Provided records>
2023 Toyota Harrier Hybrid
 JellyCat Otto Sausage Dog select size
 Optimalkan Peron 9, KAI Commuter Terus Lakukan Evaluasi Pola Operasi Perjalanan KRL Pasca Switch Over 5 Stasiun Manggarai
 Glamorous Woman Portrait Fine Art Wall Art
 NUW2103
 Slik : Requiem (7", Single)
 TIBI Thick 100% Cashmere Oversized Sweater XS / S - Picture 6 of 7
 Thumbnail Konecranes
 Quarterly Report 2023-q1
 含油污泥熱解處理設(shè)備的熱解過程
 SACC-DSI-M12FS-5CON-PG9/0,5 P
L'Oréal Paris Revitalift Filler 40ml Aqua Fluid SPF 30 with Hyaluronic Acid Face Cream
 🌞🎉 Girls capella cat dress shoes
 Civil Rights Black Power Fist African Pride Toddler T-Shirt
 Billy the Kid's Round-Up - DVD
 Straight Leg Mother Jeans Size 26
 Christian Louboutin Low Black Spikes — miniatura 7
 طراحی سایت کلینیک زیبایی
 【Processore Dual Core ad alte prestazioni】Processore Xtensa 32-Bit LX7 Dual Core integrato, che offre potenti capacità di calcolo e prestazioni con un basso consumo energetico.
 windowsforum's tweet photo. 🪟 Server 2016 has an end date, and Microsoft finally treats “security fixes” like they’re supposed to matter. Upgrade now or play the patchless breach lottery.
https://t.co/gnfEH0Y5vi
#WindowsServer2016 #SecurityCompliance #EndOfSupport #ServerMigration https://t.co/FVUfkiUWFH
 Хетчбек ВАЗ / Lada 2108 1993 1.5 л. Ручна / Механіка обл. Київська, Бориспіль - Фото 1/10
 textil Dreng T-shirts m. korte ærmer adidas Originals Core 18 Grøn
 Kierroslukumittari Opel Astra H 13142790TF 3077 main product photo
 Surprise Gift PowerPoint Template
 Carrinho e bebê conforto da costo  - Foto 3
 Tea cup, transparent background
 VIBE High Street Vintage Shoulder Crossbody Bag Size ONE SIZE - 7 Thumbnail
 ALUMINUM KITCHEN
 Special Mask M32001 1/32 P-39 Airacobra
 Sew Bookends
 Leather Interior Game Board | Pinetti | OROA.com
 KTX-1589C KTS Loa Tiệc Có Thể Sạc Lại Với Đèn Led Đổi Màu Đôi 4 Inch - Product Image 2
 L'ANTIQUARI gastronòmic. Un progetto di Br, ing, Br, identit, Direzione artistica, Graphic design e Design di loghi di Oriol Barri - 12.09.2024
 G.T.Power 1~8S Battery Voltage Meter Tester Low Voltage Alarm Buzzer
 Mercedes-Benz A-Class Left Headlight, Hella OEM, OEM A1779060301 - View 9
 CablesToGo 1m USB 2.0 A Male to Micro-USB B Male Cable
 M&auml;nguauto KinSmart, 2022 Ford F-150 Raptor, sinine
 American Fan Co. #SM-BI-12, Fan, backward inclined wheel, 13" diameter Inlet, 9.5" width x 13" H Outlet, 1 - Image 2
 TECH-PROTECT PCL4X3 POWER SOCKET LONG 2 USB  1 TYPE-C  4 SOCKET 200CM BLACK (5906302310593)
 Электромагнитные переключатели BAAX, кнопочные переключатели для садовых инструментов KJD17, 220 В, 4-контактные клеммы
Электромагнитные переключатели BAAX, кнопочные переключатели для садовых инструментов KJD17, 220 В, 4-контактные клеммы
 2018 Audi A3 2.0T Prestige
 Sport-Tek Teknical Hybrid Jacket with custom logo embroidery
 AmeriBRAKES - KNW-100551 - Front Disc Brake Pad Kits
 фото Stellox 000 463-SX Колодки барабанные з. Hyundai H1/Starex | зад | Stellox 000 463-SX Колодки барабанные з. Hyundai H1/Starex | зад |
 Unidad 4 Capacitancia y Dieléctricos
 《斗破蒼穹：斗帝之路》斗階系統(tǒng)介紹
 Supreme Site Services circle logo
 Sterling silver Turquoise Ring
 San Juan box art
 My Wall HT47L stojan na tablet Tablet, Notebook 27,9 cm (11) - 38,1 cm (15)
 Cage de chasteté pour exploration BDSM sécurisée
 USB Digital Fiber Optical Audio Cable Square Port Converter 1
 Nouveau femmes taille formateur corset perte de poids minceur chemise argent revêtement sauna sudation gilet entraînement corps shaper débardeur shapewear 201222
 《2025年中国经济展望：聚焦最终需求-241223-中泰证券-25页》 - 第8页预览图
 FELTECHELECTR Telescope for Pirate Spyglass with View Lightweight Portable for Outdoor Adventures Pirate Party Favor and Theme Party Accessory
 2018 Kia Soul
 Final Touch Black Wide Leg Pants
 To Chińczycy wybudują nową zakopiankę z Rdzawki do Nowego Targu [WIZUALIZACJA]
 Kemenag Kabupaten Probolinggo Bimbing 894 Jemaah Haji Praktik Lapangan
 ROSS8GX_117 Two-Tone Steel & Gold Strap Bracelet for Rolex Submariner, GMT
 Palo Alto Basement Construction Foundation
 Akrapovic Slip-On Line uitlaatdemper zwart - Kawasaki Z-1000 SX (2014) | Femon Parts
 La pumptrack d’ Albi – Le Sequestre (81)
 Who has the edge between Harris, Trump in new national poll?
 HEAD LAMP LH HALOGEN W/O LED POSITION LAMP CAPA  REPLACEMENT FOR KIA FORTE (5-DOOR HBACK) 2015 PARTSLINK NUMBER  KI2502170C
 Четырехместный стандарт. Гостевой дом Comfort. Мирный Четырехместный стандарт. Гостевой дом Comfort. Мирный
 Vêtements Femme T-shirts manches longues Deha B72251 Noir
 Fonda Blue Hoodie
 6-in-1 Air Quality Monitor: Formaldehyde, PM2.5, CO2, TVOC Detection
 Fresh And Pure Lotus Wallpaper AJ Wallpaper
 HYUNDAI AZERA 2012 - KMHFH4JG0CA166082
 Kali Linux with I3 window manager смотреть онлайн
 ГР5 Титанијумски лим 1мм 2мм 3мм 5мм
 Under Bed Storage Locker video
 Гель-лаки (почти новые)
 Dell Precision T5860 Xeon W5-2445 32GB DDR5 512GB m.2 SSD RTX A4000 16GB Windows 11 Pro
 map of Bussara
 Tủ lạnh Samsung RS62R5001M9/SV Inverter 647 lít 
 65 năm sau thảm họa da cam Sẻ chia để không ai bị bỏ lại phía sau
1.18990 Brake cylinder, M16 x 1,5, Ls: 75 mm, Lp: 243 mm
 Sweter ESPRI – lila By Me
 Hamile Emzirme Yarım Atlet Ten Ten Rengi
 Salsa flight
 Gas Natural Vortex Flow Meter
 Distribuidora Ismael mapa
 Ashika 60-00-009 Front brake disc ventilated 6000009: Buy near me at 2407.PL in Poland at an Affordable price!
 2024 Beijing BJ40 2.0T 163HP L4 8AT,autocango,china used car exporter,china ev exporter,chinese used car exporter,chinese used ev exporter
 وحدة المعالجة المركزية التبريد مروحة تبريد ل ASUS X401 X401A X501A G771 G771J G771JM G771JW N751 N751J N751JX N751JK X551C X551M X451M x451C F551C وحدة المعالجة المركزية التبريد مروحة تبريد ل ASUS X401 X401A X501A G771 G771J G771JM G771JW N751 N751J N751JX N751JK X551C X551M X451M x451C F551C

Required work> Set down, from the entries above, exactly the lines from the one with "Kali Linux with" up to and including the one with "Distribuidora Ismael mapa", and no other lines.

Answer section>
 Kali Linux with I3 window manager смотреть онлайн
 ГР5 Титанијумски лим 1мм 2мм 3мм 5мм
 Under Bed Storage Locker video
 Гель-лаки (почти новые)
 Dell Precision T5860 Xeon W5-2445 32GB DDR5 512GB m.2 SSD RTX A4000 16GB Windows 11 Pro
 map of Bussara
 Tủ lạnh Samsung RS62R5001M9/SV Inverter 647 lít 
 65 năm sau thảm họa da cam Sẻ chia để không ai bị bỏ lại phía sau
1.18990 Brake cylinder, M16 x 1,5, Ls: 75 mm, Lp: 243 mm
 Sweter ESPRI – lila By Me
 Hamile Emzirme Yarım Atlet Ten Ten Rengi
 Salsa flight
 Gas Natural Vortex Flow Meter
 Distribuidora Ismael mapa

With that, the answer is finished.